Это – слова Шукшина из воспоминаний сценариста Анатолия Гребнева. Словам этим, конечно, нельзя полностью доверять, как вообще нельзя брать на веру ничью прямую речь в мемуарах, да и Гребнева легко заподозрить в тенденциозности, в том, что он все сочинил, приписал Шукшину свой образ мышления и вообще слепил из Василия Макаровича антисоветчика. Однако, во-первых, Гребнев лишь от Шукшина мог узнать обо всех этих подробностях, а во-вторых, он был в своих воспоминаниях не одинок. Сестра Шукшина Наталья Макаровна писала о том, что односельчане звали ее мать сибулонкой, и звучало это отнюдь не ласково. Это было оскорбительное, унизительное слово: «…в селе-то к таким семьям не было ни сочувствия, ни уважения». О том же рассказывал позднее со слов Шукшина подружившийся с ним режиссер бийского телевидения Федор Иванович Клиндухов: «Односельчане сторонились их».

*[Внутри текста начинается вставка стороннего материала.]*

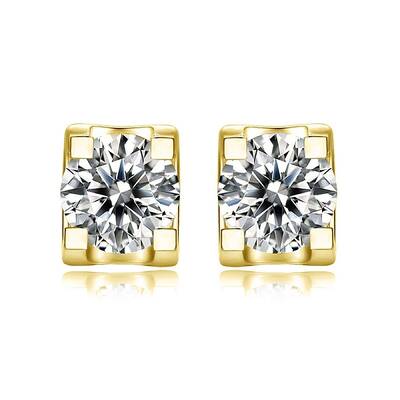 925 Sterling Silver Micro Pave Cubic Zirconia Ear Studs for Women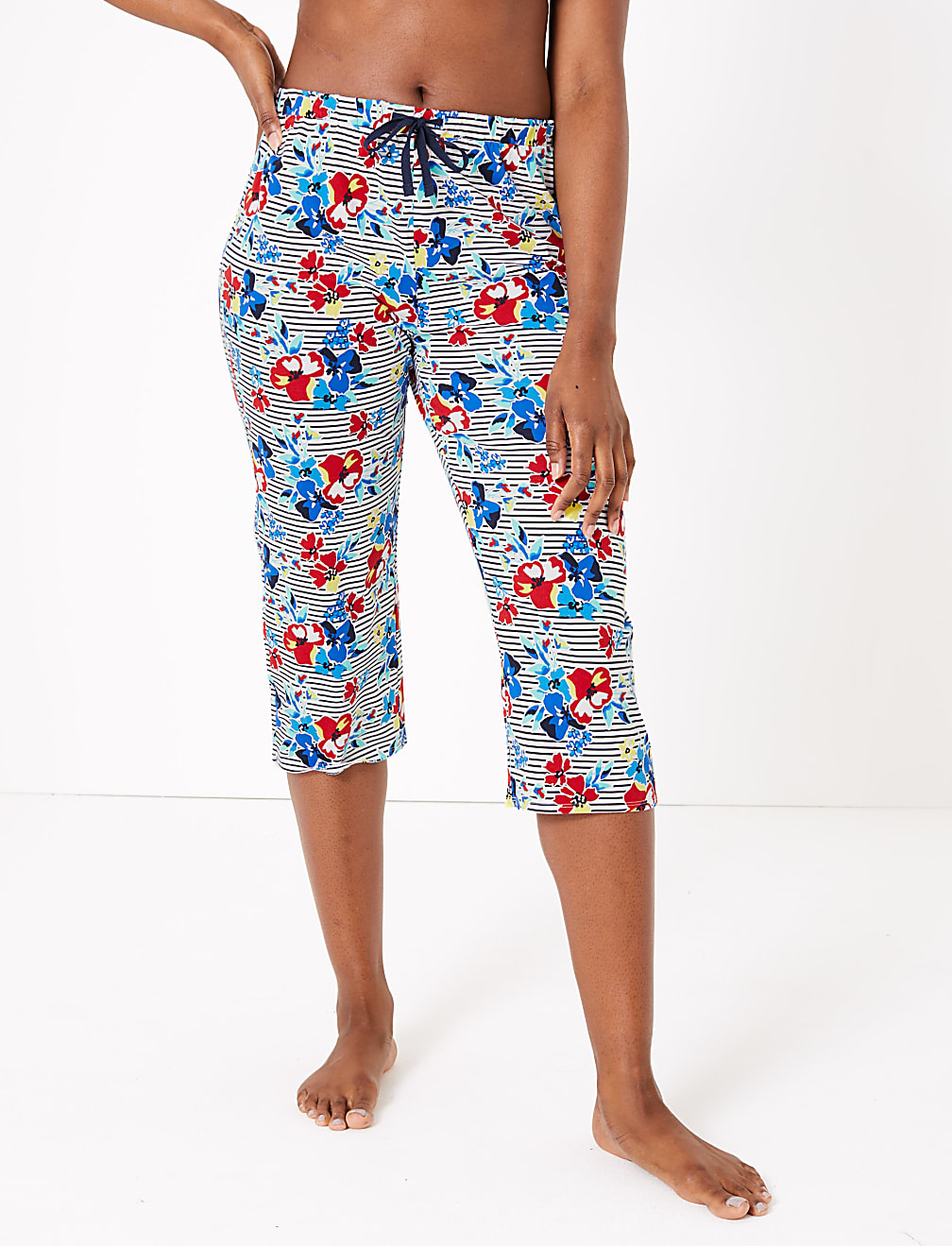 Cotton Floral Print Cropped Pyjama Bottoms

А вот рассказ родственницы Шукшина, его троюродной сестры Надежды Алексеевны Ядыкиной (Куксиной): «Обычно в праздничные дни “сибулонки”, как их называли в деревне, старались получить коня или хотя бы сбрую для коровы, чтобы привезти соломы, дров с острова или по осени привезти с поля картошку, – так как в будни сбруя была занята, а “сибулонкам” все давали в последнюю очередь… Оплакивали <они> свое одиночество с непосильными трудностями, нуждой, беспросветным будущим <…> Потом шли по селу с песней провожать друг друга. Замужние женщины осуждали их. Мама рассказывала, что они с ненавистью говорили: “Вы посмотрите-ка, сибулонки-то загуляли”».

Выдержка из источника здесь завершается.